--- START ---

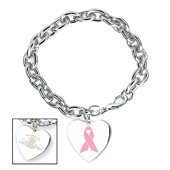 Pink Ribbon Cancer Awareness Bracelet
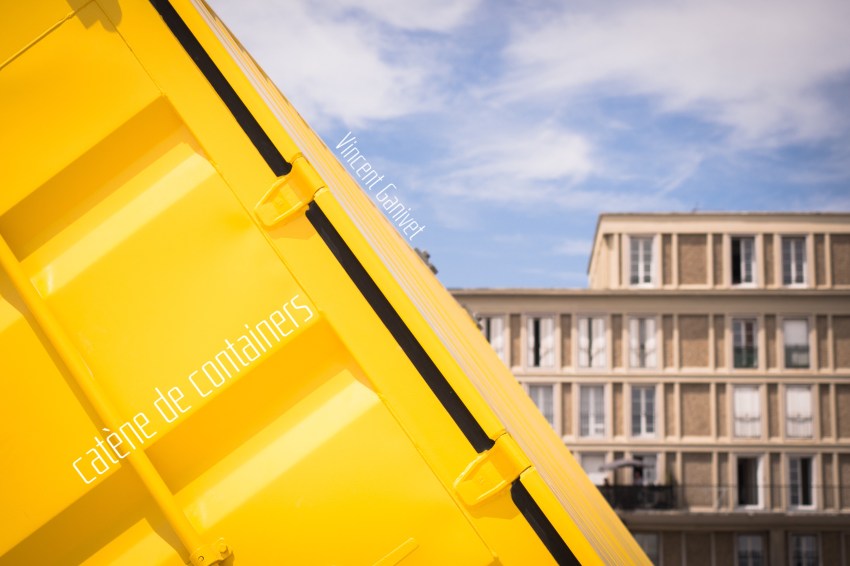 un été au havre, le havre, normandie, carène de container, vincent ganivet, port, normandie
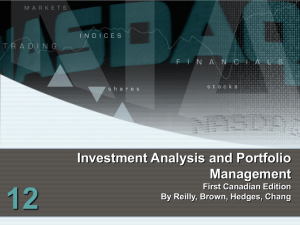 12 Investment Analysis and Portfolio Management First Canadian Edition
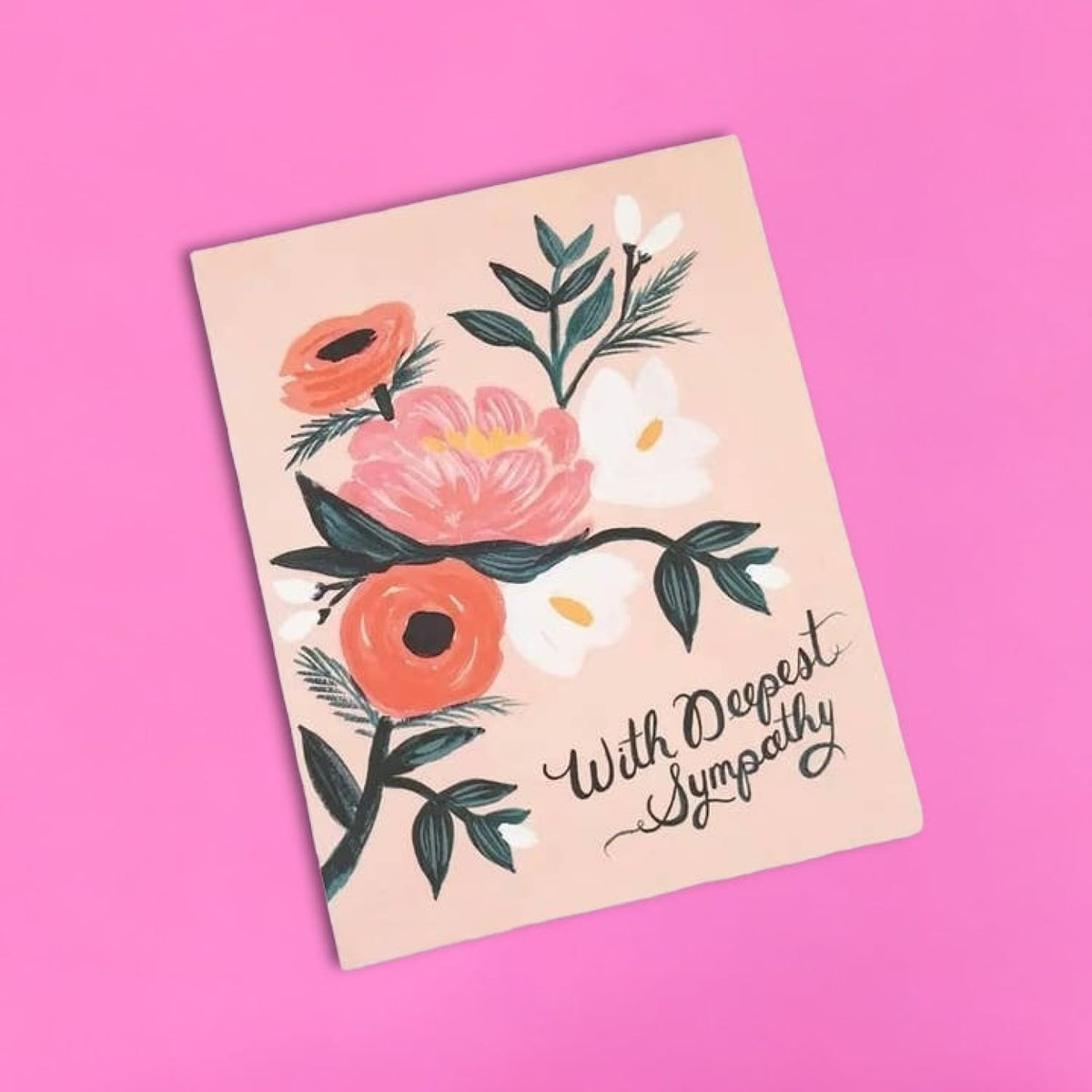 With Deepest Sympathy Greeting Card Greeting Card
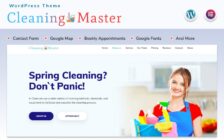 WordPress Kotisivut – Cleaning Master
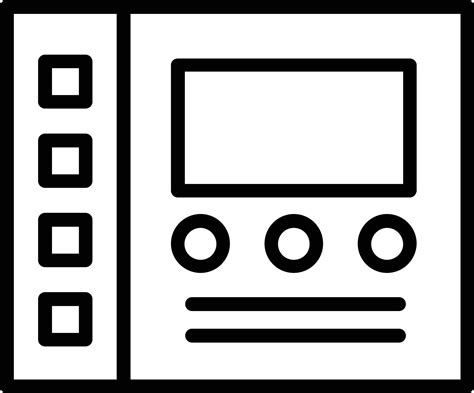 Control Panel Vector Line Icon 9293384 Vector Art At Vecteezy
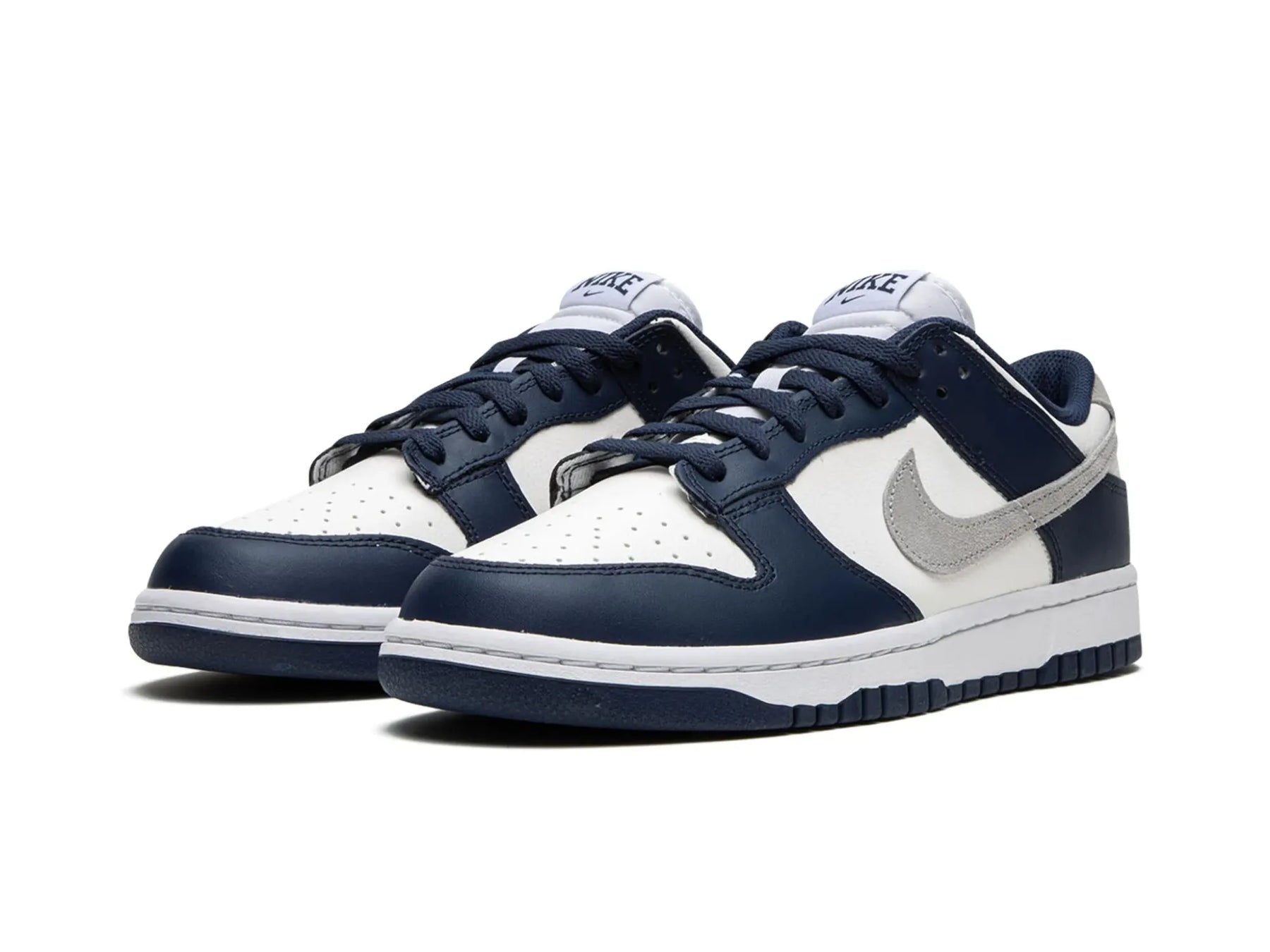 Nike Dunk Low "Summit White Midnight Navy" - street-bill.dk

--- END ---

**To do:** Skipping the pictures, output the entries exactly as they appear above.

**Your solution:**
 Pink Ribbon Cancer Awareness Bracelet
 un été au havre, le havre, normandie, carène de container, vincent ganivet, port, normandie
 12 Investment Analysis and Portfolio Management First Canadian Edition
 With Deepest Sympathy Greeting Card Greeting Card
 WordPress Kotisivut – Cleaning Master
 Control Panel Vector Line Icon 9293384 Vector Art At Vecteezy
 Nike Dunk Low "Summit White Midnight Navy" - street-bill.dk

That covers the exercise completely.